Par ailleurs, sur un plan régional, le taux de remplissage le plus élevé a été enregistré par les villes des Emirats arabes unis qui est passé de 74% à 87%. Le marché hospitalier des Emirats a maintenu son classement à la tête du peloton de janvier à mai 2016 sur la même période un an auparavant. Parallèlement, Le Caire a enregistré la plus importante croissance en termes de taux d’occupation avec 13 points, suivi par Ras el-Kheimé avec 8,6 points. Comme conséquence de la demande croissante sur les chambres d’hôtels au Caire, la moyenne de tarif/chambre a fait un bond de 21,9%, passant de 103 dollars en mai 2015 à 126 dollars en mai 2016. Cette croissance significative en termes de prix/chambre serait liée aux efforts du gouvernement égyptien visant à améliorer l’environnement touristique dans le pays. Sur la période considérée, le Koweït a enregistré la pire performance dans la région, le recul du taux de remplissage ayant été de 44%.

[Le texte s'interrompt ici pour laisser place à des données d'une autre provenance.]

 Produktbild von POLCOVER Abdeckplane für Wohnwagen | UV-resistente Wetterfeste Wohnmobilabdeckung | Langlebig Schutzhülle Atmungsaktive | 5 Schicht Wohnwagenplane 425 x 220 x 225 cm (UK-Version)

Prêts au secteur touristique
La redynamisation du secteur touristique s’est reflétée par une augmentation du nombre des prêts consentis aux agents du secteur. Les chiffres ont montré que les avances octroyées aux restaurants, cafés-trottoirs, night-clubs et pubs ont augmenté de 20% en 2014 pour atteindre 271,06 millions de dollars. Ce pourcentage de croissance devrait être relativisé puisque cette reprise est mesurée à partir d’un seuil faible enregistré en 2013 lorsque le nombre de cette catégorie de prêts avait régressé de 14% sur un an, totalisant 180,88 millions de dollars. Ces prêts sont sous-tendus par une demande provenant d’une clientèle locale et touristique. Selon les statistiques du consultant Hodema, malgré le ralentissement économique, le nombre de restaurants est en train de progresser, enregistrant une croissance de 3,47%, passant de 836 en 2014 à 865 en 2015. Par ailleurs, la valeur des crédits consentis au parc hôtelier est plus directement liée à l’état des lieux du secteur touristique. Les données de la Banque du Liban (BDL) ont montré que les avances destinées aux hôtels ont enregistré un recul à deux chiffres en rythme annuel de 16,15% pour atteindre 875,71 millions de dollars en 2015.

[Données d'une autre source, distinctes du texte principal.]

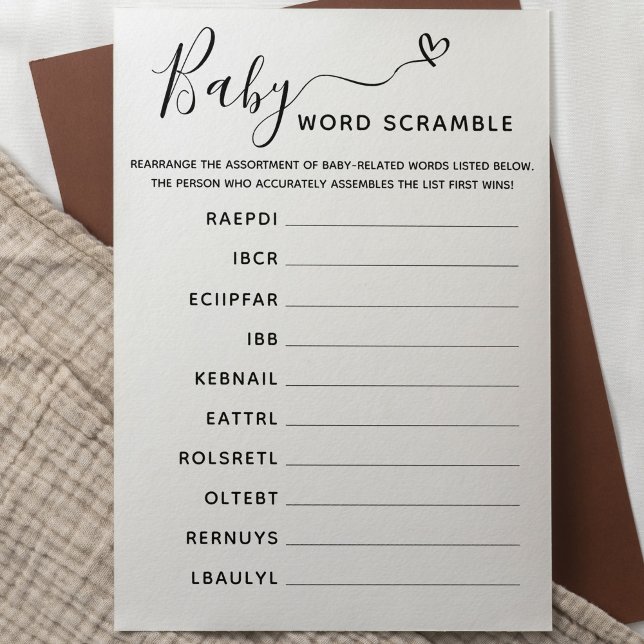 Baby Shower Game Word Scramble mit Answer Key Einladung (Von Creator hochgeladen)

Financement par les banques
Il faut savoir qu’un même projet peut être financé par une banque, alors qu’il a été refusé par une autre. Pourquoi? Parce que chaque banque va mesurer, selon ses propres critères, trois niveaux de risque:
♦ Le risque général: c’est le risque lié à l’état général de l’économie qui fait que les banquiers ont une propension plus forte à accorder des prêts en période de croissance économique.
♦ Le risque sectoriel: tous les secteurs d’activité ne sont pas perçus comme également risqués par le banquier. Le niveau de risque associé à un secteur dépend de la situation économique de celui-ci et du taux de contentieux que la banque y a connu. Chaque banque dispose de ses propres statistiques qui peuvent être plus ou moins favorables. Par ailleurs, les banques cherchent à équilibrer leurs engagements dans les différents secteurs d’activité.
♦ Le risque du projet: c’est le risque propre à votre projet… Il dépend tout d’abord du demandeur, de son expérience et de son aptitude à le défendre.